ASU research first to modulate immune system metabolism during chemotherapy

graphic illustration showing how a cancer vaccine at work

Above: ASU Assistant Professor Abhinav Acharya is developing technologies that will permit the simultaneous use of cancer vaccines and chemotherapy treatments. The new biomaterials-based microparticles and nanoparticles, represented at the center, are formulated to restore the metabolic chain or pathway that enables the body's dendritic cells, represented at left, to boost the immune system. They also act to break the metabolic chain that feeds the proliferation of cancer cells. Graphic by Rhonda Hitchcock-Mast/ASU

“A single form of treatment is often not sufficient to defeat a given form of cancer,” says Abhinav Acharya, an assistant professor of chemical engineering at Arizona State University. “We need a combinatorial approach, meaning the use of two or more therapies together.”

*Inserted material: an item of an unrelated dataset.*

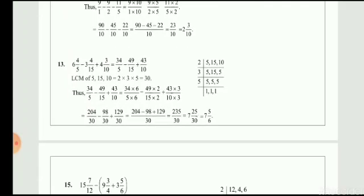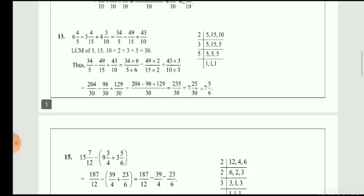For LCM 30: 5 times 6 is 30, so 34 into 6 is 204. For 15, 2 times 15 is 30, so 49 into 2 is 98. For 10, 3 times 10 is 30, so 43 into 3 is 129. The LCM is 30 and the numerators are 204 minus 98 plus 129, giving 235 by 30. Convert to mixed fraction: 7 whole 25 by 30. Simplify 25 by 30 to 5 by 6. So the answer is 7 whole 5 by 6.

For example, the tandem application of chemotherapy with immunotherapy or vaccine use could be much more effective than either measure alone. But the problem, Acharya says, is that each of these therapies is so taxing on the human immune system that they can’t be deployed simultaneously with a patient.

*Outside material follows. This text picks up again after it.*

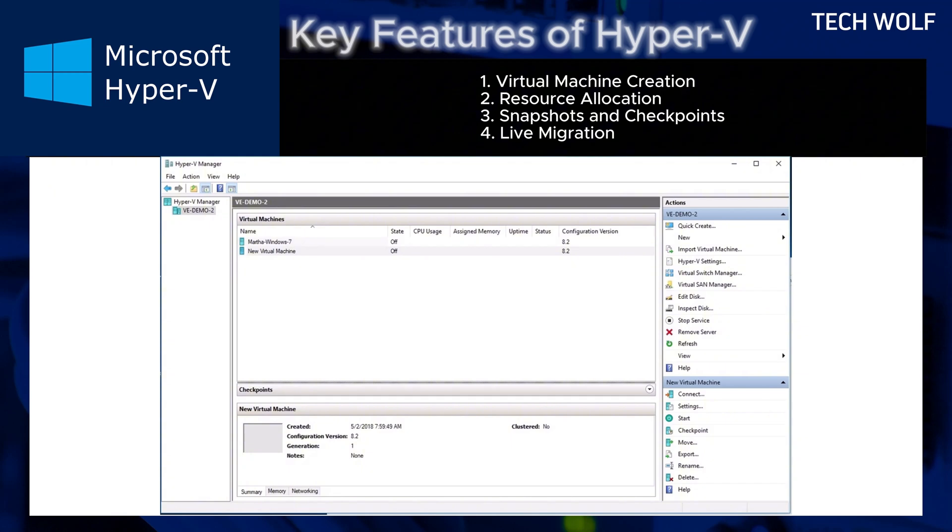Live migration. Supports moving running virtual machines between hosts with minimal downtime.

Solving this problem is the focus of a new project that Acharya is leading with the support of a grant from the National Institutes of Health. He is developing the first biomaterials-based technologies to modulate the functions of immune system cells in a way that can enable safe and effective combinations of clinical treatments to battle melanoma, ovarian cancer and potentially many other ailments.

Acharya works at the interface of materials science and immunology in the School for Engineering of Matter, Transport and Energy, one of the six Ira A. Fulton Schools of Engineering at ASU. His research for this NIH project focuses on cancer vaccines and applying the functions of their two major components: antigens and adjuvants.

Antigens trigger the immune system to create antibodies that attack a specific pathogen or toxin. These substances might take the form of inactive components from the targeted pathogen itself or, in the case of Acharya’s work, drugs tailored to induce a desired defense response.

Adjuvants are salt- or emulsion-based vaccine components that stimulate and amplify the immune system’s response to the particular pathogen targeted by the antigens. In other words, antigens identify the foe and adjuvants fuel the fight.

Part of Acharya’s work is developing novel adjuvants based on polymeric biomaterials generated from central carbon metabolites. The resulting polymers act as a source of cellular nutrients, and they can be fabricated either as microparticles or nanoparticles depending on their purpose.

“If the particles are micron-sized, they mimic the size of bacteria. If they are nanoparticles, they mimic the size of viruses,” Acharya says. “In either case, the immune system sees this foreign material as a threat and tries to digest it.”

This act of consumption is the key to delivering biomaterial-based nutrients to the body’s immune system when it is dampened during chemotherapy treatment. These nutrients can restore the chemo-suppressed metabolic pathways that enable sentinel-like dendritic cells to sound the alarm and prompt T-cells, a form of white blood cells, to fight the cancer.

Alongside rescuing the metabolic processes that help boost the body’s defenses, another goal is to disrupt the equivalent pathways that feed cancer cells. This latter task shapes three aims of this project, which specifically seeks to improve skin cancer treatment.

The first aim is to formulate and deliver a drug that disrupts a particular enzyme in the metabolic pathway of cancer cell glycolysis, which is the conversion of glucose into adenosine triphosphate, or ATP, a key fuel for cellular life. Halting this energy production pathway starves the cancer of the energy it needs to proliferate.

The second aim is similarly to formulate and deliver a drug targeting an enzyme in the metabolic pathway of cancer cell glutaminolysis, which is another means to generate ATP and other cancer-sustaining molecules within a tumor.

“And the third aim is to demonstrate that we can achieve these formulations at a scale to permit production for clinical use,” Acharya says.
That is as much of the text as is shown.